Where many of the menus at Tokyo’s pizza shops are more limited, da Isa lists almost 30 pizzas on its menu, ranging from the humble margherita to my favorite, the capricciosa, which comes garnished with sliced artichoke hearts.
Located on the main boulevard running away from Nakameguro Station, the location is great, too, and on warm nights staff open up the shop front so that it spills out on the street beneath the yellow-and-white striped awning. Che storia!
Aobadai 1-28-9, Meguro-ku 153-0042; takeout available for lunch or dinner via phone reservation or at the store; da-isa.jp
I heard legends of Pizza Studio Tamaki within days of arriving in Tokyo, but I didn’t actually visit until its Roppongi branch began serving a tomato kakigōri (shaved ice) pizza — its monthly special last August. The restaurant’s reputation preceded it, yet the novelty of that pizza is what finally drew me through the doors.

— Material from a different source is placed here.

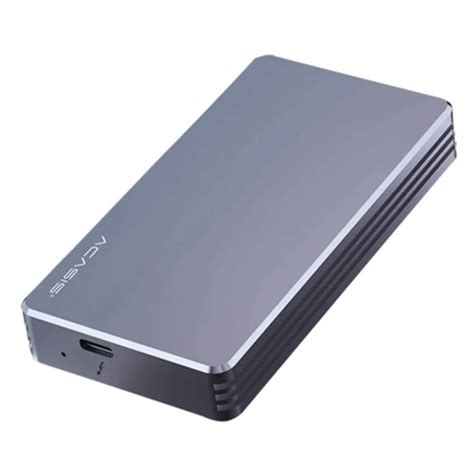 Корпус для жесткого диска Acasis FA-TB34 M1 Thunderbolt 3 NVME M.2 SSD ...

How glad I am that it did. This paper has already called PST a challenger for the title of Tokyo’s best pizza, and there’s no hyperbole to that. What sounded like a gimmick ended up being one of the best pizzas I’ve ever eaten, hands down.
The rest of the menu maintains the same quality, even if the toppings are more conventional. The Tamaki is a variant of the margherita that boasts smoked mozzarella, cherry tomatoes and pecorino, and the Diavola is wonderfully piquant, just the right number of Scovilles shy of too hot.
There are two branches of PST, but the Roppongi one is where owner Tsubasa Tamaki seems to spend most of his time nowadays. The menu, top to bottom, is quality and the pizza is something to remember.
Locations in Roppongi and Higashiazabu; takeout options will be available shortly at both locations; pst-tk2-ad.com
Not on the main list, but looming large behind many of Tokyo’s best pizzerias, is Savoy, another restaurant serving up fine Neapolitan pizzas, and where PST’s Tamaki learned the ropes. Yet another progeny of Savoy is Shogo Yamaguchi, who trained at its Azabujuban branch before opening Frey’s Famous Pizzeria in the shadow of Roppongi’s Tokyo Midtown. The pizzas here are a little on the small side, so go for lunch, when the menu is a better value for money. However, arguably the most important restaurant to come out of Savoy is run by its founder Susumu Kakinuma, who reopened its original branch as Seirinkan, a truly excellent pizzeria in Nakameguro. If, after all this, you’re craving something heavier on the toppings, head to Pizzakaya, which serves Californian-style pizza (also with gluten-free options) in a diner setting with a selection of craft beers from the U.S.